I need to get over that. I've never been the "blow up and spill your guts in the heat of the moment" kind of person. I need quiet time to think and a little bit of space before I can react to things that happen in my life and in the world. By the time I manage to squeeze that in, everything I have to say feels like old news.
Yes, this blog post has been tumbling around in my head for over a week. It started out when I went to hear the speaker who addressed the freshman class at the college where I work. He had some really good advice, and I thought that I should share it with my baby cousin, who is about to start college as well.
I've always referred to my youngest cousin as "my baby cousin." Once she reached the age of about eight, I added the explanation, "I was already in college when she was born, so that's why she's my baby cousin." It seemed necessary somehow, especially when I started telling people about things like her getting braces and going to the senior prom.
I originally started this post as "Advice for My Baby Cousin As She Starts College." The first two lines were: "My baby cousin starts college next week. She is my baby cousin, of course, because I was in college when she was born." And then I stopped, thought about what that meant, and seriously considered dipping into the bottle of tequila that's been sitting beside my coffee table since the Grizzlies were giving me fits in the third round of the playoffs.
It's not that my baby cousin is the first child that I've watched grow up into adulthood. The children that I baby-sat for as a teenager are now hiring their own babysitters (hopefully they're paying them more than I made). The shy junior high student who volunteered in the theater where I worked when I first moved here just took her son to kindergarten for the first time. I've watched nine years' worth of seniors star in their final high school plays and go off to college. This shouldn't be new to me, but somehow it is.
So what advice do I have for my baby cousin? "Do as I say, not as I did." Get out of bed, go to class, ask questions, and don't be afraid to talk to the people who can help you. Coffee is your friend; cheap champagne is a powerful enemy.
College is important, but only because it prepares you for what comes next. It took me almost four years to figure that out when I was there. One night I had reached what I was sure was the end of my rope: standing on the front steps of my eating club, smoking a cigarette, realizing that there was no earthly way I was ever going to finish my senior thesis on time. Then it hit me: in two months, I'd be graduating (I hoped), and two months after that, no one but me would even remember what my senior thesis topic was. The single biggest concern in my life at that second wasn't going to matter at all by the end of the next summer. What would matter by then (although I didn't know it at the time) was figuring out how to survive my new job, adjusting to life in a new part of the country, and struggling to accept the fact that my grandmother wasn't going to live long enough to finally teach me to make spaghetti gravy when I came home for Christmas.
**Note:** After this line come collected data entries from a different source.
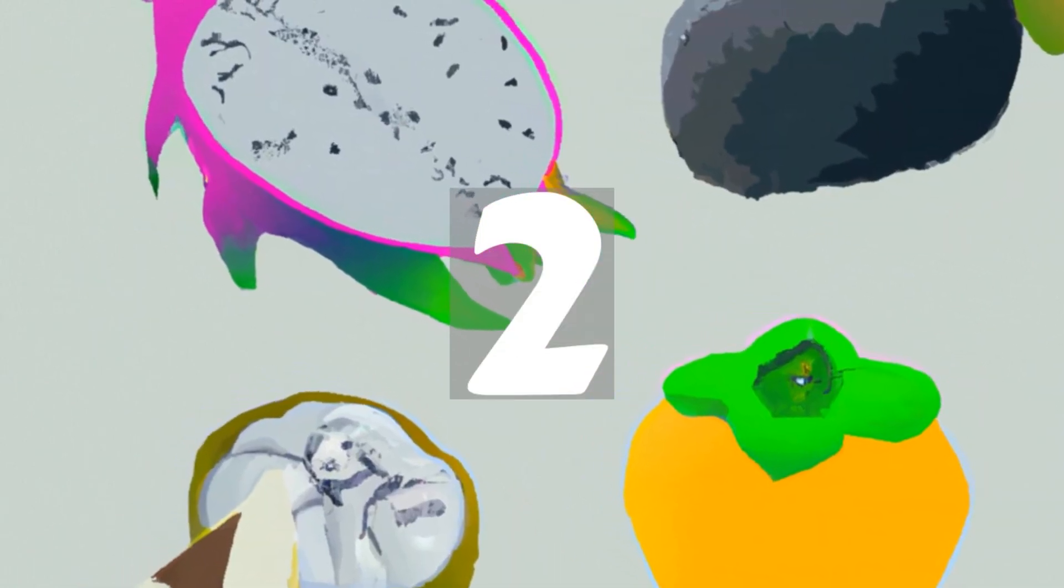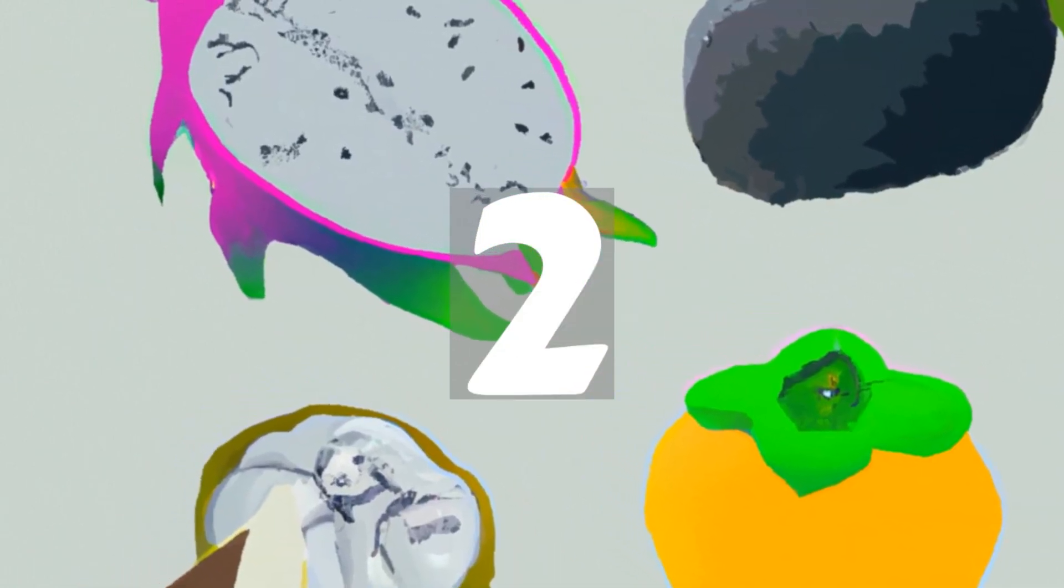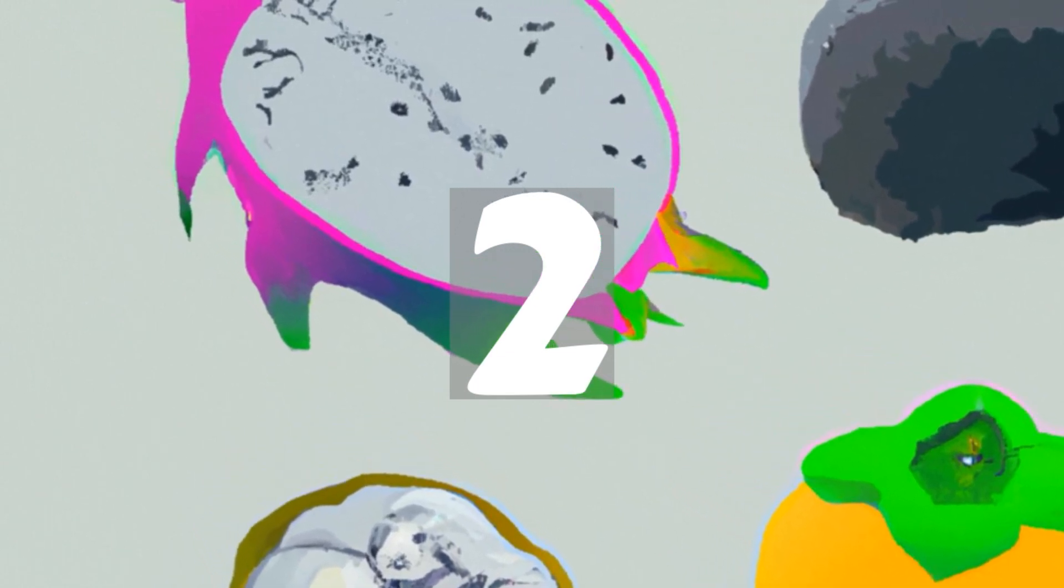The African cucumber is a spiky, yellow or green fruit native to South Africa. It's sweet and juicy and tastes a bit like a cucumber.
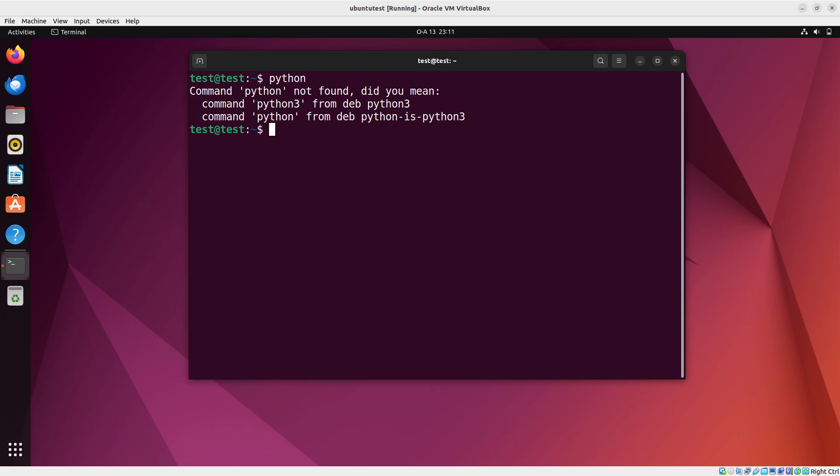I'm going to show you how to deal with this issue that comes when you try to run Python on an Ubuntu system or a Linux system. You will have Python installed, but when you type Python, it will tell you Python not found and in some cases, do you mean Python 3?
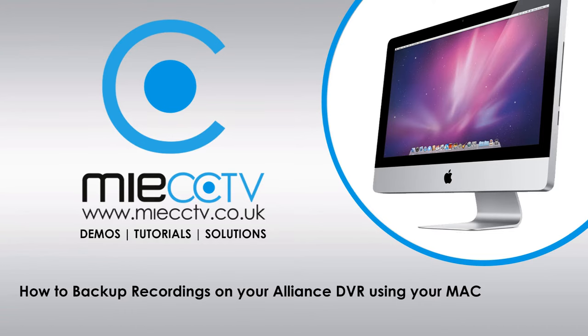Hi, it's Mark here from MIEcctv.co.uk. Today we're going to be looking at how to backup your recordings using the web browser on your Mac device.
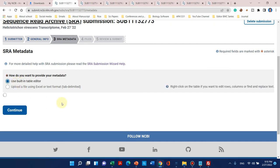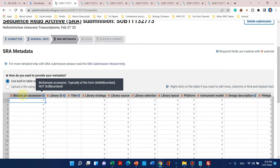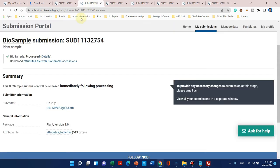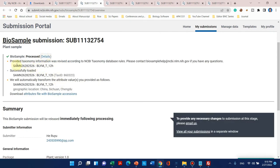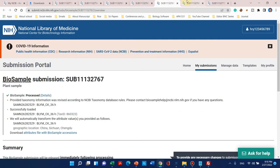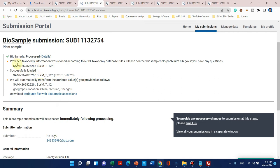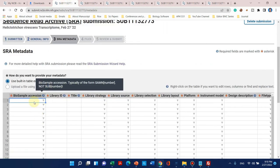Now we will move to the metadata information of the Sequence Read Archive. We can use the built-in table editor. Here we enter the BioSample accession number we saved earlier. The first BioSample accession number can be copied and pasted here. Now we need to create a library ID. We go back to our metadata file — we can choose any name for the library ID.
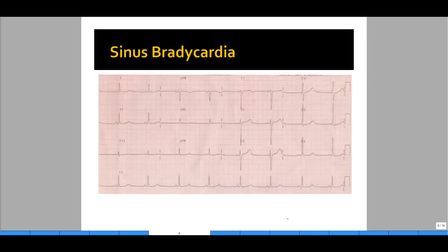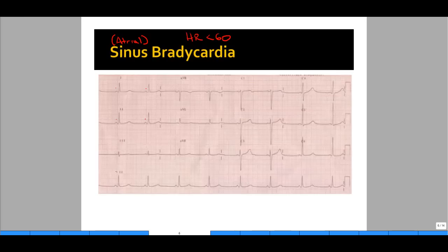Next is sinus bradycardia. We need to identify it by: one, is this sinus or atrial in origin, and two, is the heart rate less than 60? Is there a P before every QRS? Yes. Is there a narrow complex QRS? Yes, the QRS is less than 0.12 seconds in width, or three small boxes. Next, we need to identify if this is bradycardia. Look at the number of large boxes between each R wave — there are about six boxes, so you would call this a heart rate very close to 50.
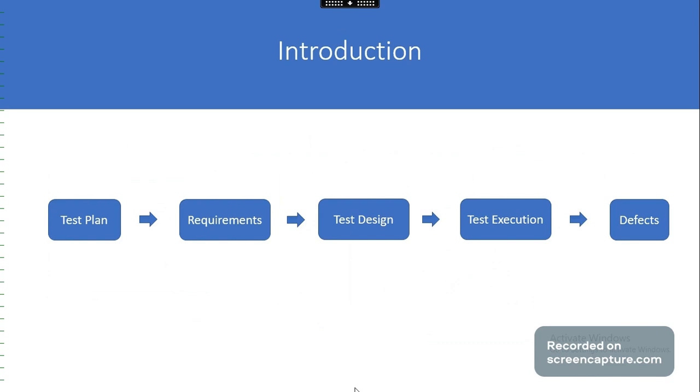Defects. During test runs, in case of any issue, we identify the nature of the issue, its impact, and steps to follow in order to recreate the issue. This information helps the development team to find and fix the issue. We will explore more about the Qtest defect section in this module.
The other advice I have I'm going to steal from the guy who got me started on this idea. "Decide what you want to do, not what you want to be." It might sound fun to be a doctor or a lawyer or an actress, but if you don't want to do the work that those people do -- and not just the fun parts, but all of it -- then you're going to be miserable. And you don't have to figure it out in college. I certainly didn't, and I guess I turned out OK.